Well, okay. I can’t argue with that. After all, that’s what I’ve been doing, on this website and elsewhere, for years. And what more, honestly, can a peaceable citizen do? It’s the left that loves violence, whether served up by Antifa, by BLM, by the thugs who are spared punishment by Soros prosecutors, or by the foreign gangs who pour across the Rio Grande and take over American apartment complexes. The left obsesses over January 6, that supposed day of insurrection, purportedly worse than anything since the Civil War, that day when, in fact, not a single Trump supporter who entered the Capitol carried a weapon or killed anybody, and when the only fatality was Ashley Babbitt, an Air Force veteran (Afghanistan, Iraq, Kuwait, Qatar) who was gunned down undeservedly by a member of the Capitol police.

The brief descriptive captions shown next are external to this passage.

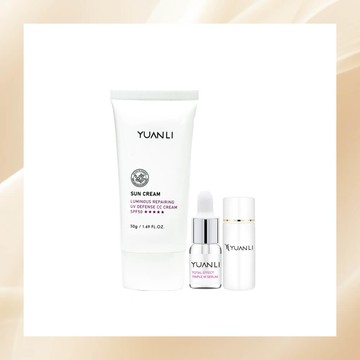 《美麗成雙-第二件5折》【Yuanli願麗】柔光透亮CC修護防曬乳 SPF50★★★★★50g(海洋友善-物理防曬) 送美白乳8ml*1+杏仁酸精華4ml*1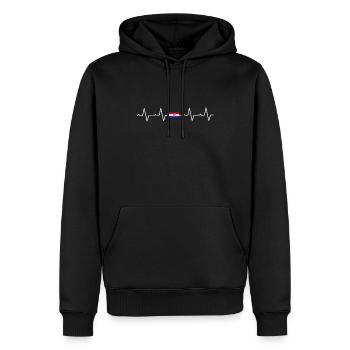 Croatie Drapeau croate Croate - Sweat à capuche Premium bio Homme - noir - Devant - Nico (187cm)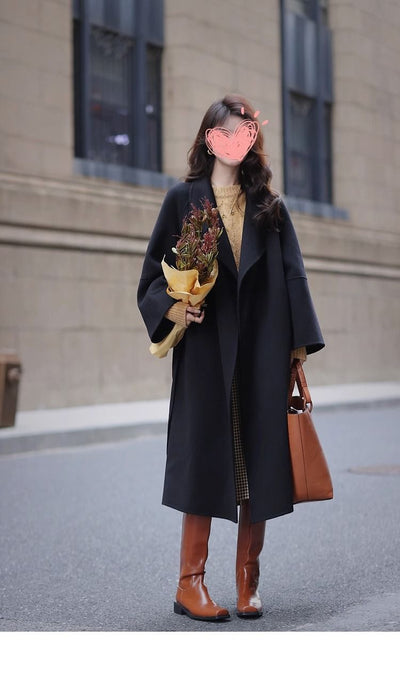 Abrigo Socialite de Moda Otoño-Invierno Largo hasta la Rodilla - Image 11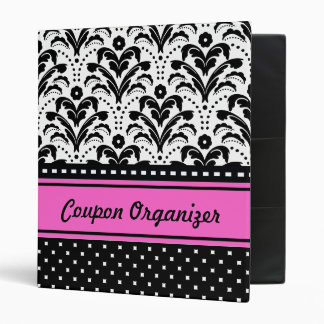Coupon Organizer Hot Pink Art Deco Damask 3 Ring Binder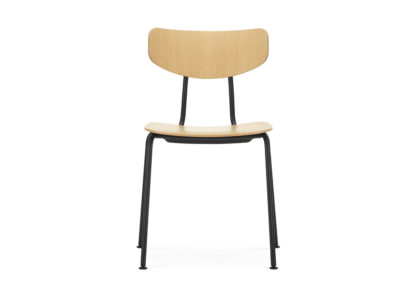 An Image of Vitra Moca Dining Chair Dark Oak Chrome base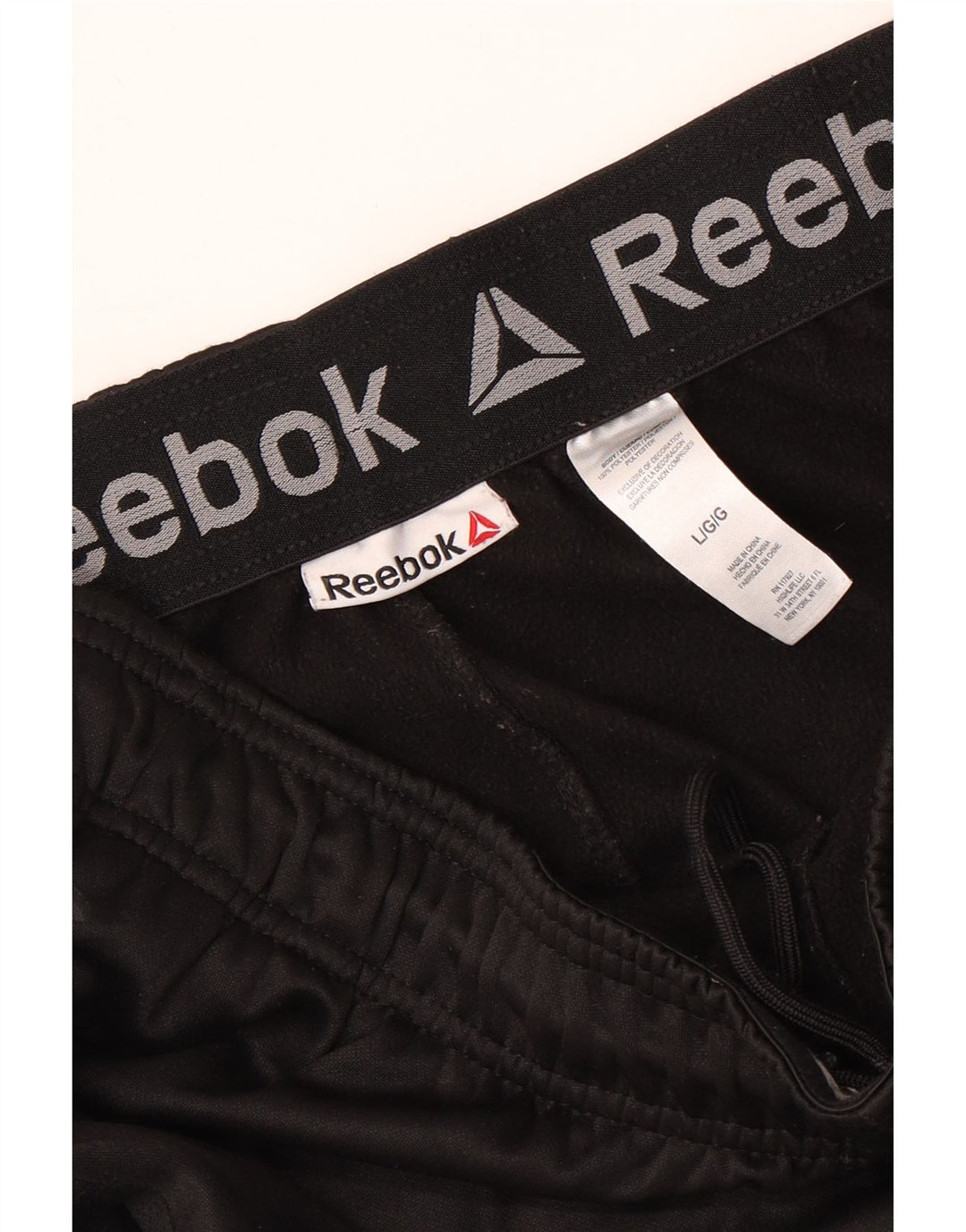 REEBOK Herren-Trainingshose, Jogginghose, Größe L, Schwarz, Polyester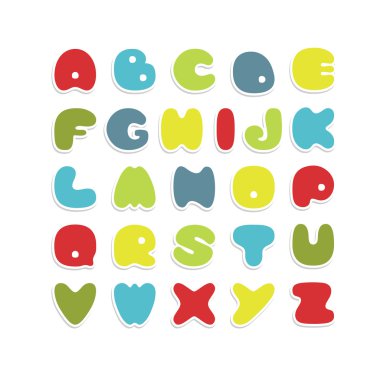 renkli vektör alfabesi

So one can’t really argue with Obertone. Is there a way to overcome the tyranny of The Sect – the American version of which includes Democratic Party leaders, never-Trump Republicans, the top administrative levels of all of the intelligence services, and the national broadcast networks, as well as CNN and MSNBC – without brandishing weapons and shedding blood? If Trump loses the election in November, probably not. And the situation in France (and other Western European countries) is even worse. But you just can’t publish a book these days calling for armed revolution, even in the face of a Great Replacement that The Sect dismisses as a conspiracy theory.
Still, Guerre, which has sold like gangbusters, is an interesting and invigorating document that, if freedom of expression survives, will be viewed, in times to come, as an important relic of a highly disturbing era – a tour de force of a philippic, a sincere and ardent cri de coeur in response to what is nothing less than an existential crisis. But it’s also terribly repetitious – in large part, a classically Gallic exercise in rhetoric for its own sake, although one that has been given a hearty welcome by French bookbuyers who, perhaps feeling unable to speak their minds even over a few glasses of wine with a trusted friend or two at a local café, have been delighted to encounter a voice that expresses their opinions, frustrations, fears, and hopes, powerfully and at length. If, in the end, this book’s whole proves to be a great deal less than the sum of its parts, it’s only because those of us who love freedom and despise the current Western regimes and their guiding ideologies frankly have precious few options for resistance that are consistent with our own values. And therein lies our challenge.